Bob Pease promised me he'd fix them, but so far he hasn't.

But your circuit is, um, a tad unconventional. Why are you muxing the LM35 grounds? The grounds should be grounded!

John

Reply to
John Larkin

Don't switch the grounds, switch the hots instead. Or not. they only draw about 150uA each just leave them power on and switch the singals returning from the sensors.

That might be the source of your noise. Have you left them running overnight dry with no problems. If so, that eleminates electrical problems. next put them in the oven at the temperatures they are seeing in the bath. If that passes, put them in water over night and see if it happens.

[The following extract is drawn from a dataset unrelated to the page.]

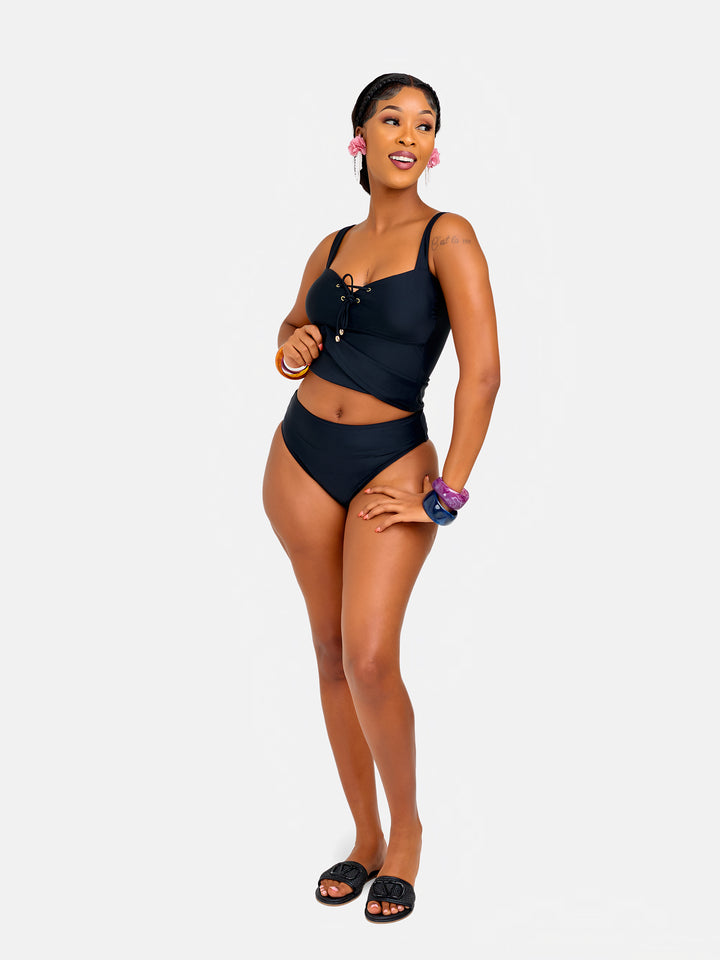 Bikini with coverage tankini top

by process of elimiation you'll be abot to setup a situation that can repordice the problem and you'll have a narrower range of things to look at.

good luck

Reply to
mook Johnson

Maybe not, considering the way the inamp is connected.

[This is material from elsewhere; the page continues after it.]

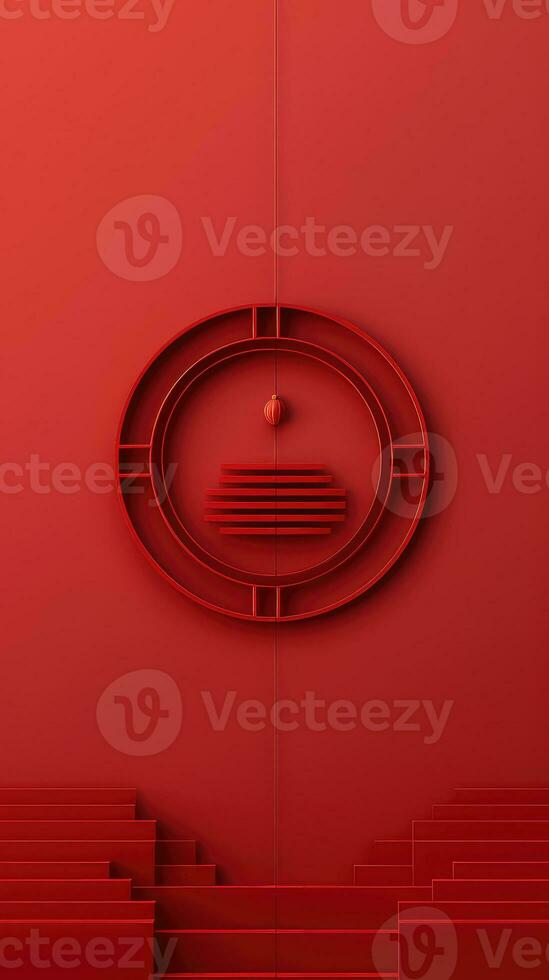 rosso Cinese lunare nuovo anno sfondo ai generato foto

Where's Genome when you need him?

Best regards, Spehro Pefhany

--
"it\'s the network..."                          "The Journey is the reward"
speff@interlog.com             Info for manufacturers: http://www.trexon.com
Embedded software/hardware/analog  Info for designers:  http://www.speff.com
Reply to
Spehro Pefhany

Well, the guy is a biologist, diver, and brewer, so we should take pity and help him out. One of us should post a cleaned-up circuit to abse.

John

Reply to
John Larkin

Hi All and thanks for all the replies:

As noted, I don't boast of electronics at the top of my skillset, so it's entirely possible that my circuit is a bad idea...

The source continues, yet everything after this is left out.